Here is the example of the "scoped lock" idiom with common mistake: no local variable is created, so lock is not in effect. This code compiles flawlessly both with VC++ 2010 and Comeau C++ online:

class Mutex
{
public:
    void lock() {}
};

class ScopedLock
{
public:
    ScopedLock() : m_pm(0) {}
    ScopedLock(Mutex& m) : m_pm(&m) { m_pm->lock(); }

private:
    Mutex* m_pm;

private:
    ScopedLock& operator =(const ScopedLock&);
    ScopedLock(const ScopedLock&);
};

class X
{
public:
    void foo() const
    {
        ScopedLock(m_mutex);
    }

private:
    Mutex m_mutex;
};


int main()
{
    X x1;
    x1.foo();
}

If default constructor for ScopedLock is commented out, then both compilers give an error:

error C2512: 'ScopedLock' : no appropriate default constructor available

(When ScopedLock used correctly, ie local variable is created: ScopedLock guard(m_mutex); , then compilation fails as expected. Declaring m_mutex as mutable fixes the problem.)

I have two questions:

1. Why X::foo compiles? It seems that compiler was able to cast const Mutex& to Mutex& somehow.

2. What role plays ScopedLock default constructor, so the compilation succeeds?

Thanks.

Update: I found the answer. It appears that ScopedLock(m_mutex); statement creates a local variable m_mutex of type ScopedLock . Not a temporary. That's why ScopedLock::ScopedLock default constructor is required.

Answer 1

You answered the question yourself.

It appears that ScopedLock(m_mutex); statement creates a local variable m_mutex of type ScopedLock

The explanation is to be found in the Standard's Section 6.8 Ambiguity Resolution:

There is an ambiguity in the grammar involving expression-statements and declarations: An expression-statement with a function-style explicit type conversion [5.2.3] as its leftmost subexpression can be indistinguishable from a declaration where the first declarator starts with a (. In those cases the statement is a declaration .

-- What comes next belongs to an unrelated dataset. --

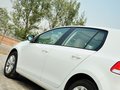 高爾夫 2012款 1.6L 自動(dòng) 舒適型圖片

The Standard then lists T(a); as an example of a statement that is really a declaration. It is equivalent to T a;

This is one variation of the infamous C++ "most vexing parse".

Answer 2

I'm pretty sure your problem is line 26: ScopedLock(m_mutex);

Instead, that should be something like ScopedLock a_variable_name(m_mutex);

When I make that change, I get the expected errors:

constCorrectness.cpp: In member function ‘void X::foo() const’:
constCorrectness.cpp:26: error: no matching function for call to ‘ScopedLock::ScopedLock(const Mutex&)’
constCorrectness.cpp:18: note: candidates are: ScopedLock::ScopedLock(const ScopedLock&)
constCorrectness.cpp:11: note:                 ScopedLock::ScopedLock(Mutex&)
constCorrectness.cpp:10: note:                 ScopedLock::ScopedLock()

Perhaps somebody can interpret ScopedLock(m_mutex) for us? Does it declare a function or something? Instead of calling a constructor as expected by the questioner? Update: Striking this out. I think it's just a variable declaration (ie the brackets are ignored.)

Answer 3

The problem is that the X::foo() method is declared as const - that means that it will not mutate (change) the object.

The ScopedLock() constructor doesn't have a overload that accepts a immutable (const) reference to a Mutex object.

Fixing this requires you declare m_mutex as mutable, or provide an appropriate overloaded ScopedLock() constructor. I'm thinking the former is preferable.